**Supplied data**.
▼

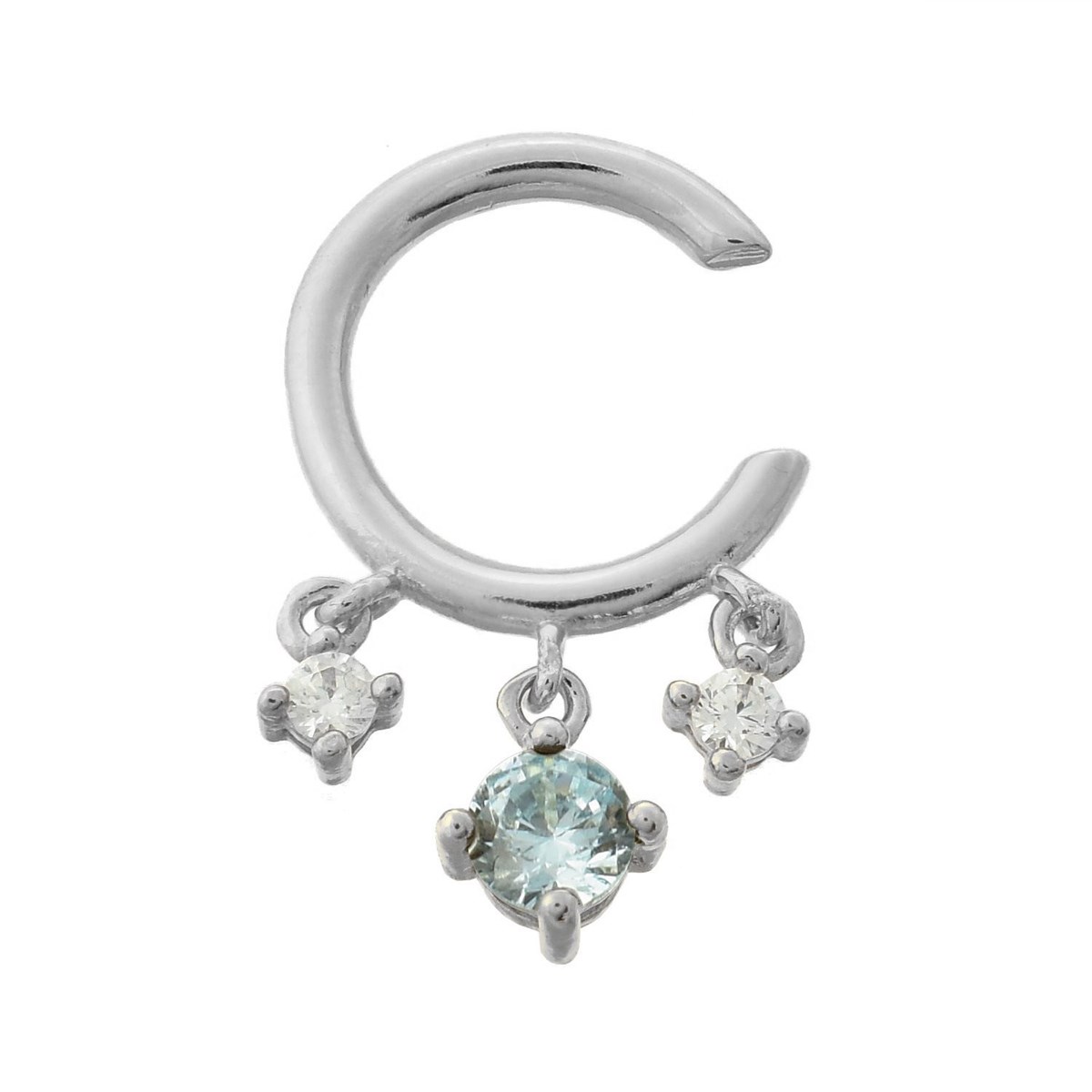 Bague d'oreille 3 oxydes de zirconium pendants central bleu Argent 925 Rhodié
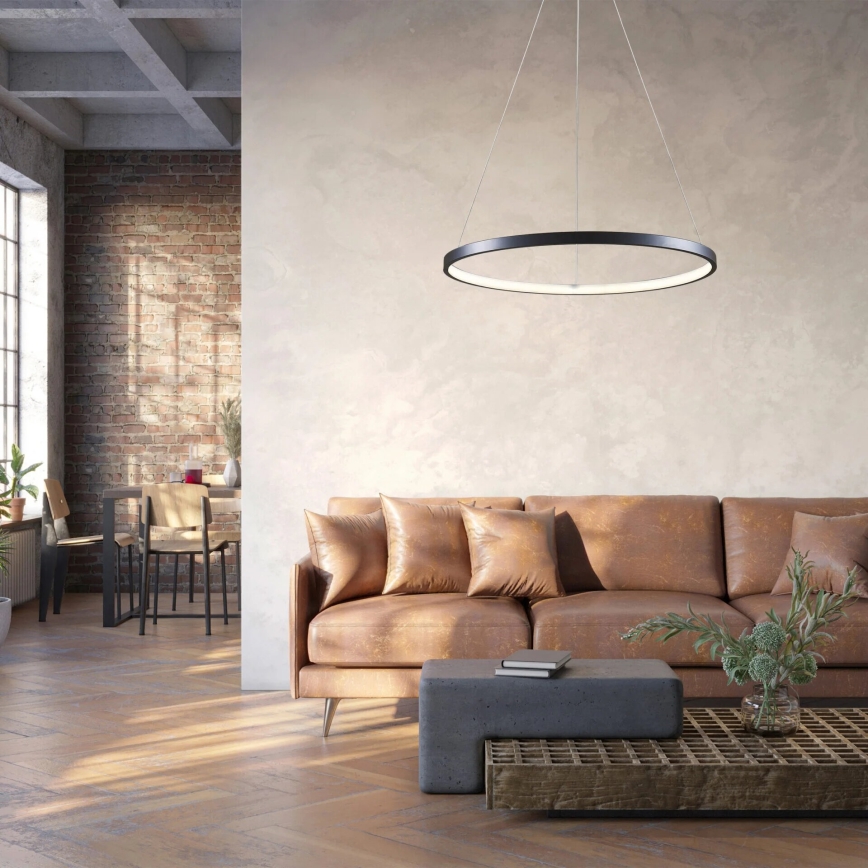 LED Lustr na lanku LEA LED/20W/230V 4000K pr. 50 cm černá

▲
▼

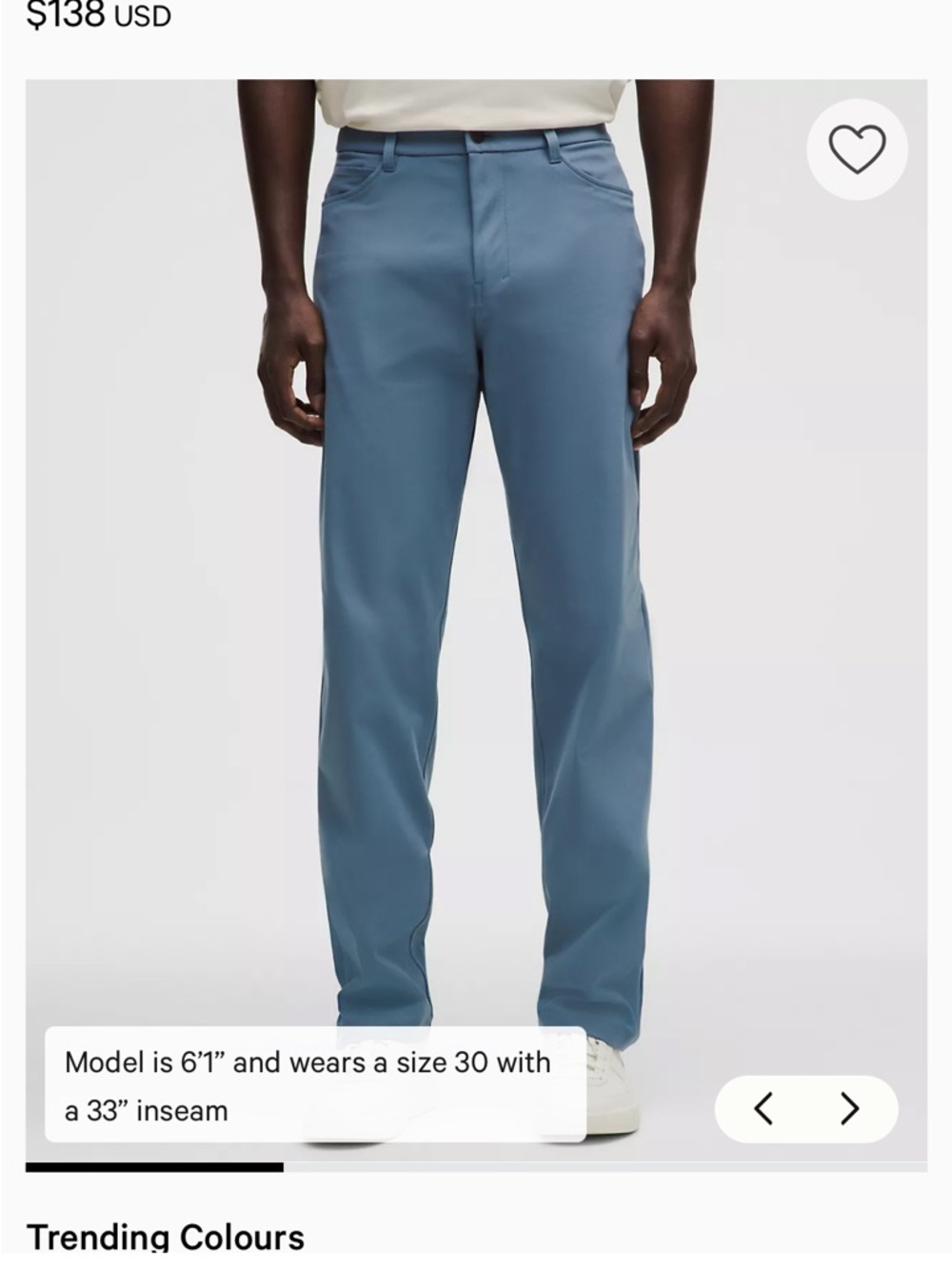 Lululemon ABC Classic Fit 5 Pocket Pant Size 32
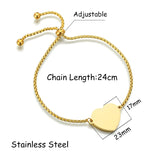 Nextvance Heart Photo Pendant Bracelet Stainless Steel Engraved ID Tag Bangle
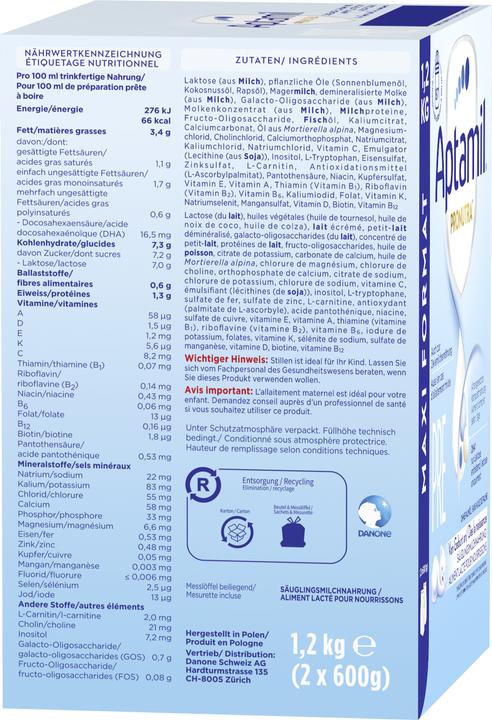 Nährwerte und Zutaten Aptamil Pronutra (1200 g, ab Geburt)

▲

**About this task**. Set the pictures aside and transcribe exactly the stretch of lines above, beginning with the one holding "Bague d'oreille 3" and ending with the one holding "LED Lustr na".

**Response**.
 Bague d'oreille 3 oxydes de zirconium pendants central bleu Argent 925 Rhodié
 LED Lustr na lanku LEA LED/20W/230V 4000K pr. 50 cm černá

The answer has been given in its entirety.